[Directions for this task] Repeat, exactly as they appear, the lines from the one with "NotebookLM kini menjadi" through the last line of the entries below, but none of the pictures.

[Material for this task]

────────────────────────────────────────

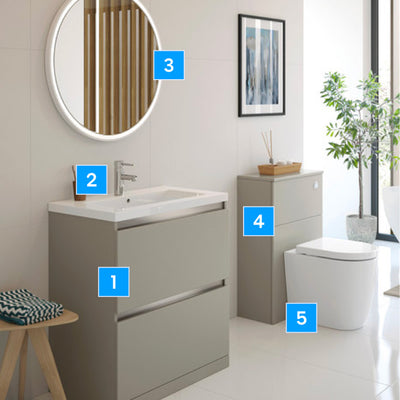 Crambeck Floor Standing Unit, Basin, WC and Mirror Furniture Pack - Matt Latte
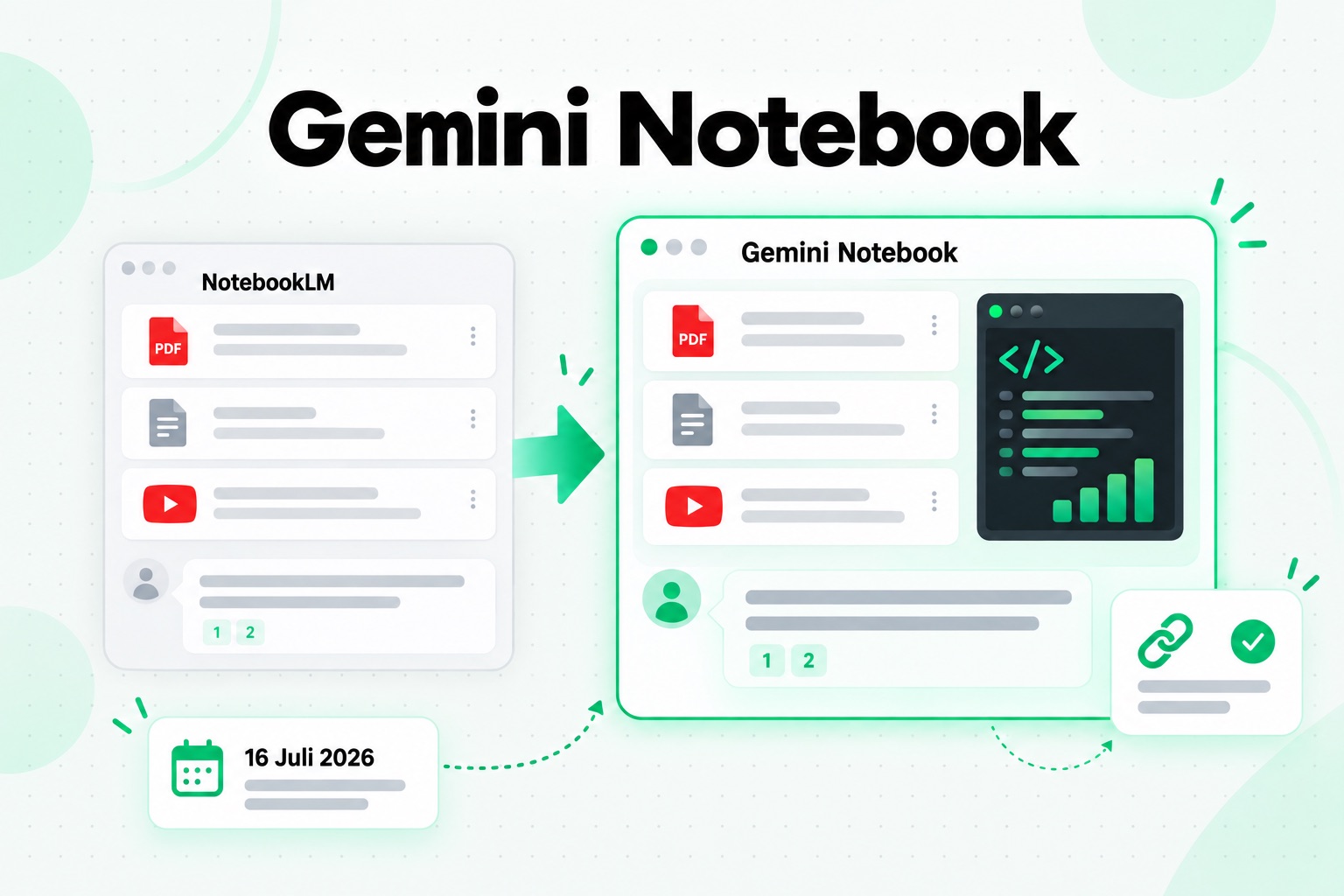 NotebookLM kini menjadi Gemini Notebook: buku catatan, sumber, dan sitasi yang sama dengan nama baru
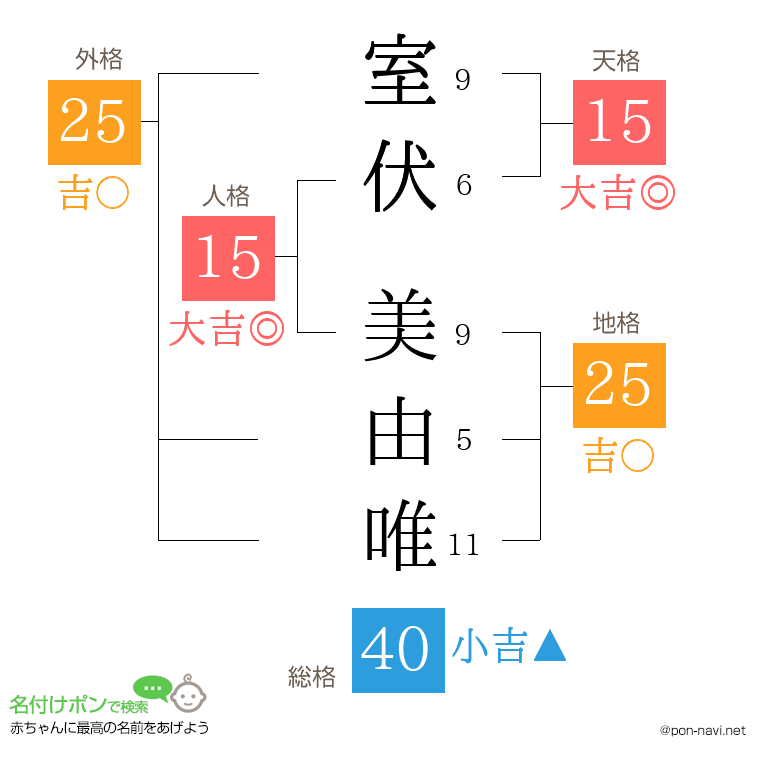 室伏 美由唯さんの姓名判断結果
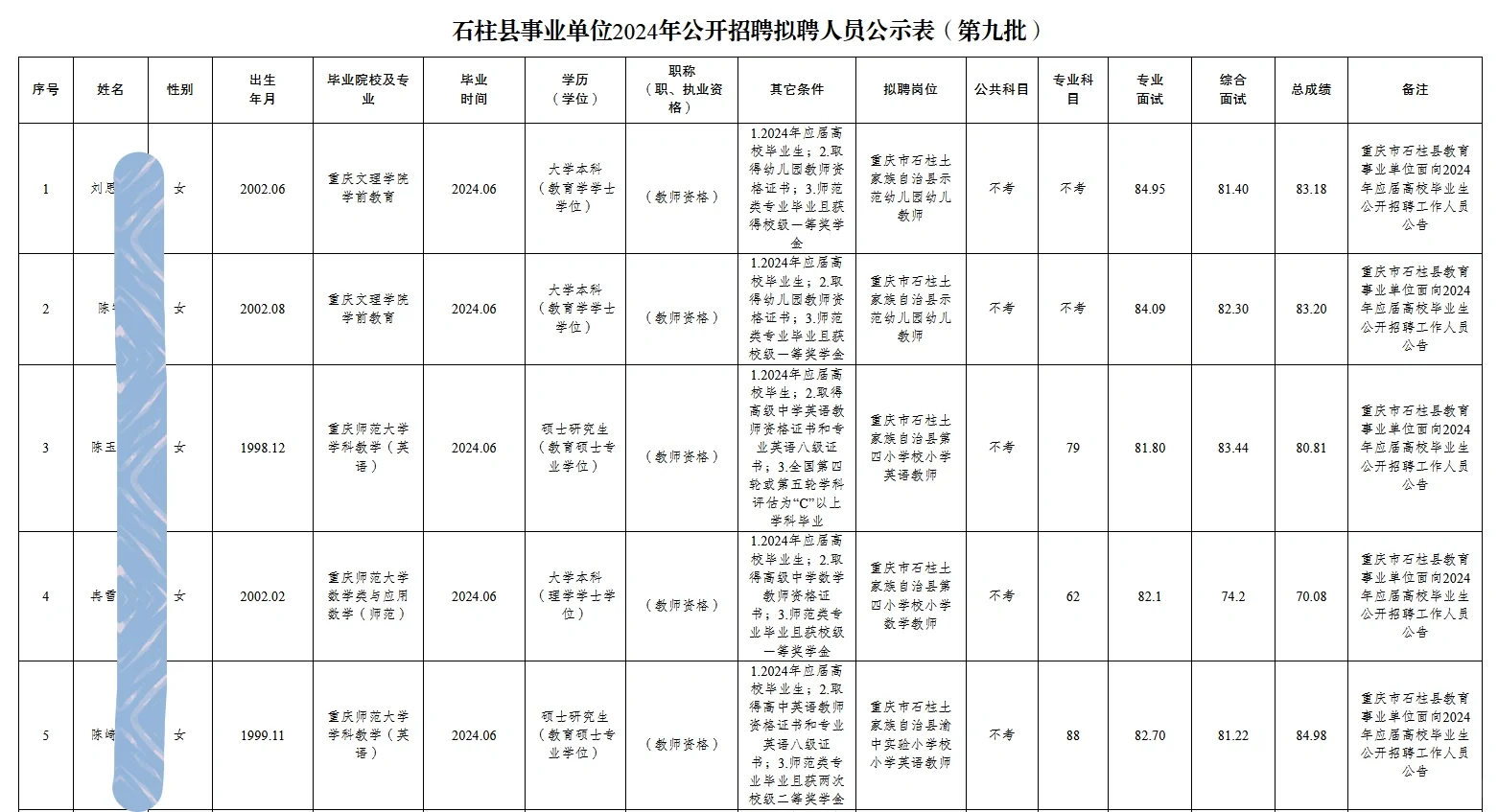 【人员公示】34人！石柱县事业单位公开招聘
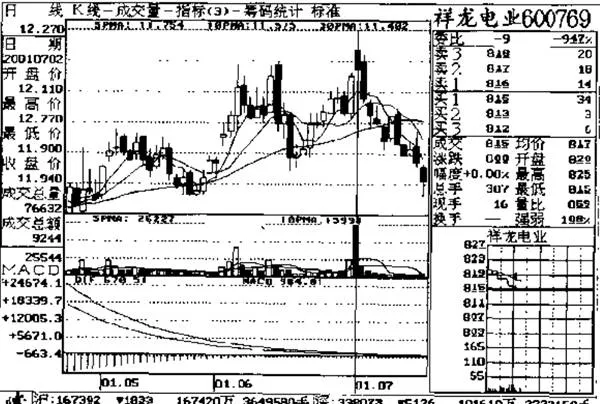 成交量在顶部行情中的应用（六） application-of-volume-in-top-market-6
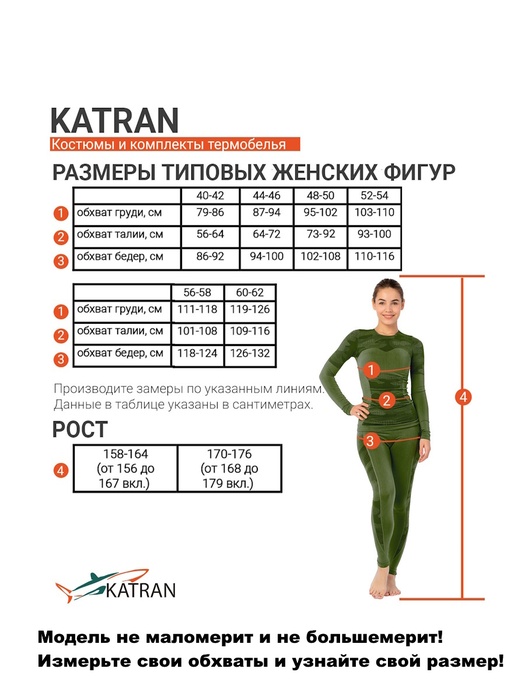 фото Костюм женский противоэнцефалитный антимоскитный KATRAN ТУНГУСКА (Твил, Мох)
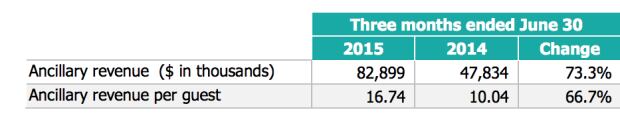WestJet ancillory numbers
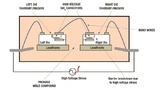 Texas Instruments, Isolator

────────────────────────────────────────

[Answer]
 NotebookLM kini menjadi Gemini Notebook: buku catatan, sumber, dan sitasi yang sama dengan nama baru
 室伏 美由唯さんの姓名判断結果
 【人员公示】34人！石柱县事业单位公开招聘
 成交量在顶部行情中的应用（六） application-of-volume-in-top-market-6
 фото Костюм женский противоэнцефалитный антимоскитный KATRAN ТУНГУСКА (Твил, Мох)
WestJet ancillory numbers
 Texas Instruments, Isolator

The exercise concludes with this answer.